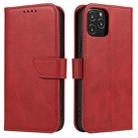 For iPhone 12 mini Calf Texture Buckle Horizontal Flip Leather Case with Holder & Card Slots & Wallet (Red) - 1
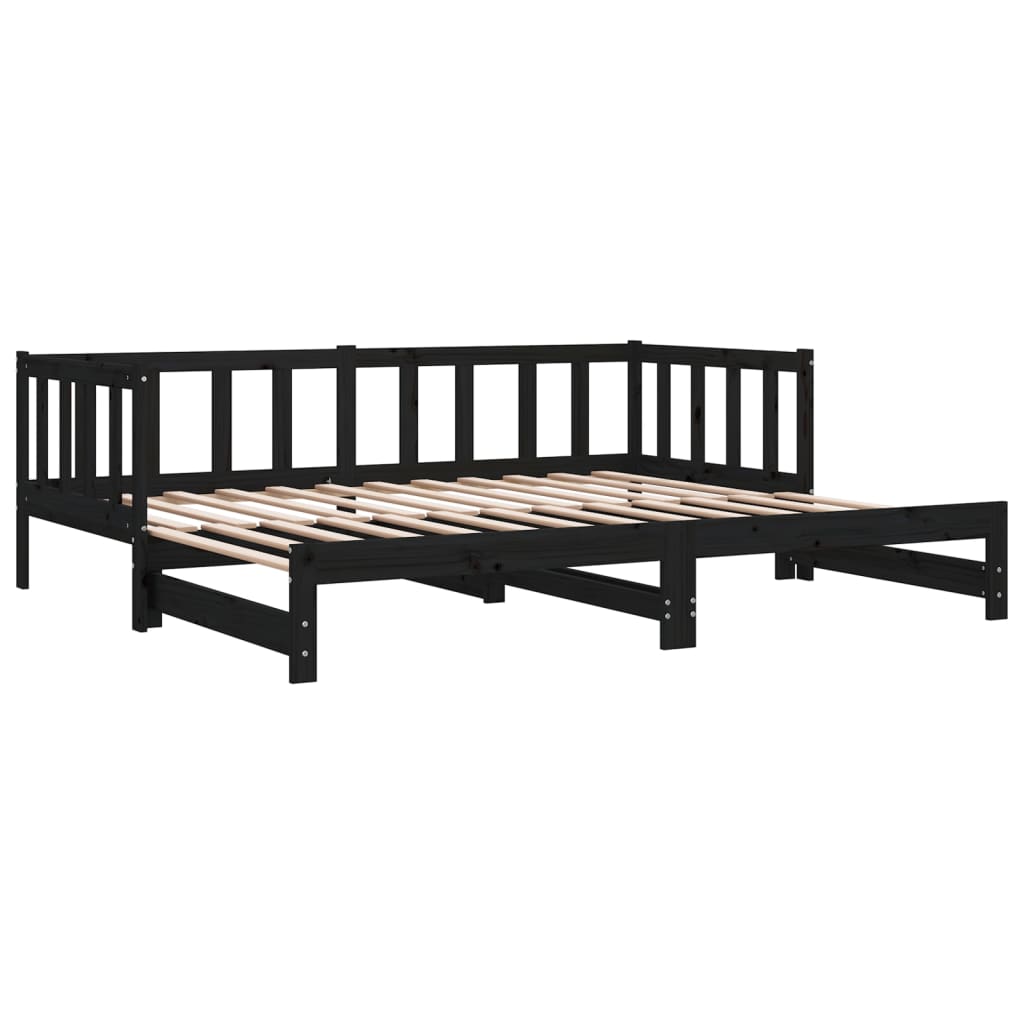 vidaXL Pull-out Day Bed without Mattress Black 2x(80x200) cm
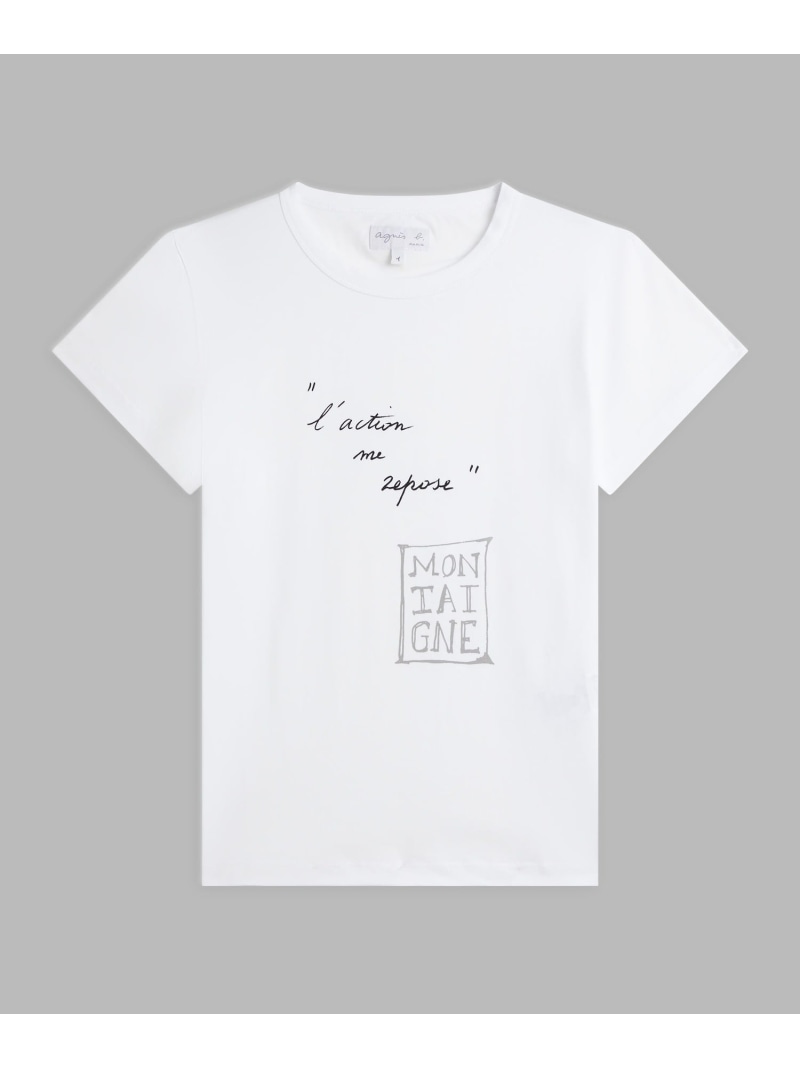 プリント オーガニックコットン 半袖 Tシャツ "L'action me repose" agnes b. FEMME アニエスベー トップス カットソー・Tシャツ ホワイト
__________________________________________________
• [ACTIVITY]:
Starting at the line that holds "vidaXL Pull-out Day", copy each line exactly through the end of the material above, keeping both ends and dropping the pictures.

• [RESPONSE TO THE EXERCISE]:
 vidaXL Pull-out Day Bed without Mattress Black 2x(80x200) cm
 プリント オーガニックコットン 半袖 Tシャツ "L'action me repose" agnes b. FEMME アニエスベー トップス カットソー・Tシャツ ホワイト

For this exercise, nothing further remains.